His observations came at a time the House of Assembly was coerced to ratify loan agreements with China worth $380 million, yet the agreements had already been signed and entered into by the Executive in March 2011 without first consulting Parliament.

Makamure also said of major concern was the fact that recently the Public Accounts Committee had summoned different ministries to explain how they used public funds, but most of them put the blame on continuous breakdown of the Public Finance Management system.

“Parliament is very weak when it comes to monitoring how our money is used, and, therefore, civic society and citizens should make sure they push for transparency and accountability in the manner public funds, assets and natural resources are used and should work closely with Parliament during the budget process and make sure timely interventions are made,” Makamure said.
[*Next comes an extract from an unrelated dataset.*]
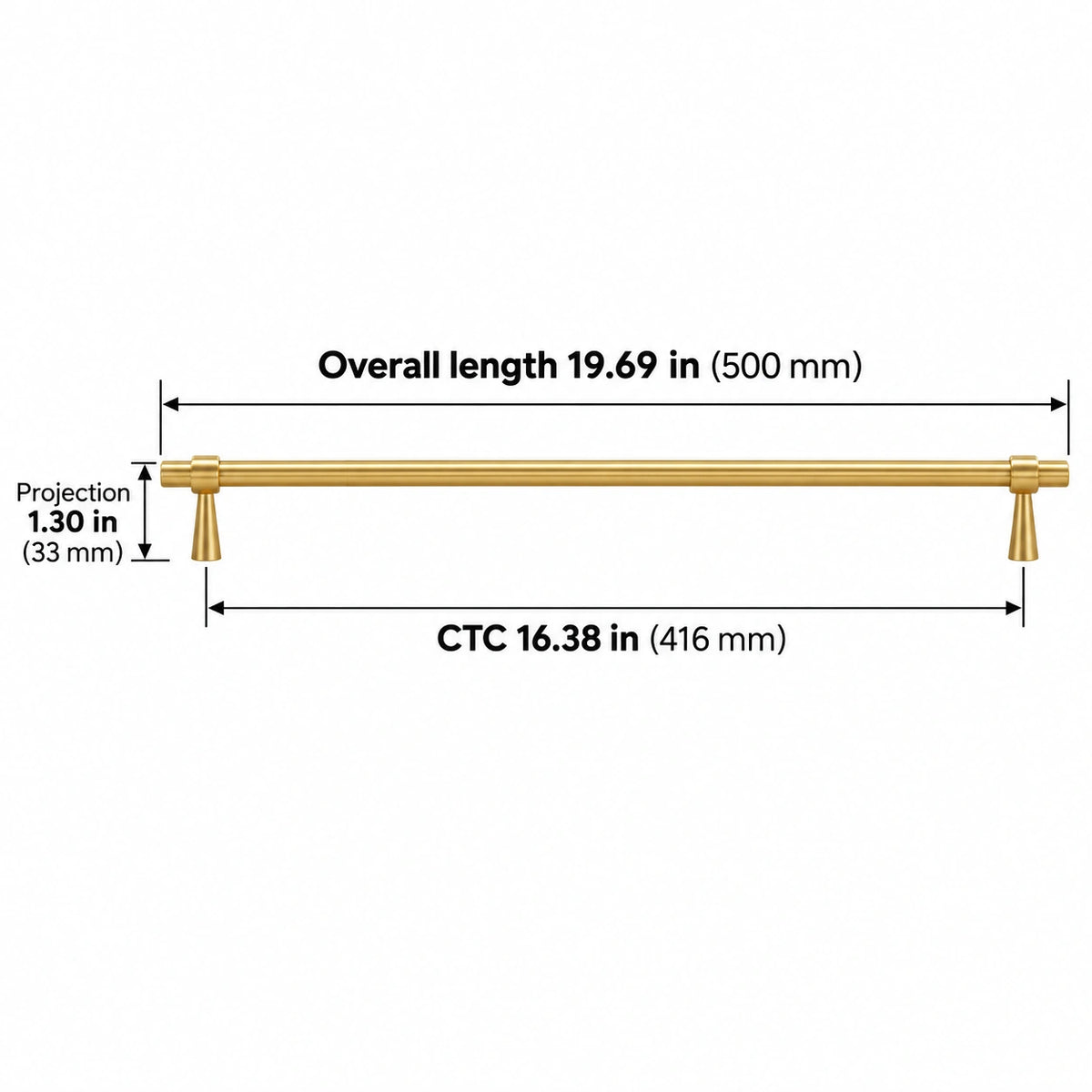 Stepped-Ring Brass Cabinet Pulls & T-Knobs — BB finish; Overall length 19.69 in (500 mm); CTC 16.38 in (416 mm); Projection 1.30 in (33 mm)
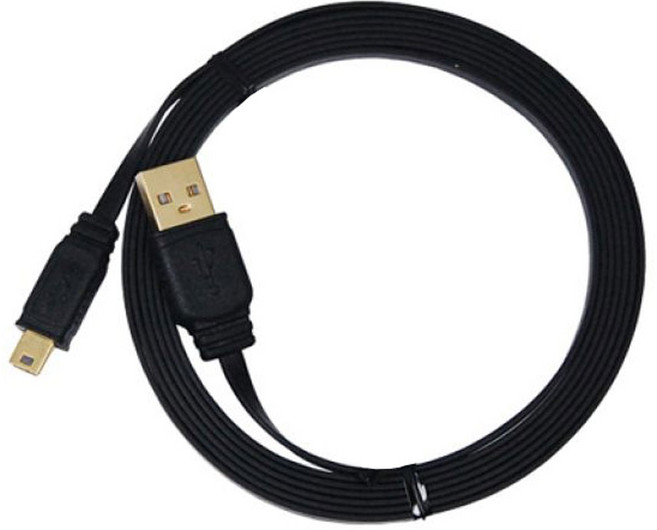 i-gota 愛購它 USB 2.0 A公對Mini 5pin 黑色扁線 鍍金頭 超薄型 高速傳輸線 2M, 1條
“Government must explain to citizens why we always face constant breakdown of the Public Finance Management system and why they cannot take measures to fix it because some of us are beginning to suspect there might be some people benefiting from this continuous breakdown of the system.”

Makamure said all these issues should be addressed before the next budget formulation.

He said it was high time civic society groups worked hand in hand with Parliament portfolio committees so that they got involved in monitoring how public funds, resources, loans and assets were managed.

“If I was a legislator, I was going to insist that the way our funds are managed should be first fixed before we approve the next budget. If ministers are not submitting reports as per the Public Finance Management Act, MPs must make noise because they are violating the law,” Makamure said.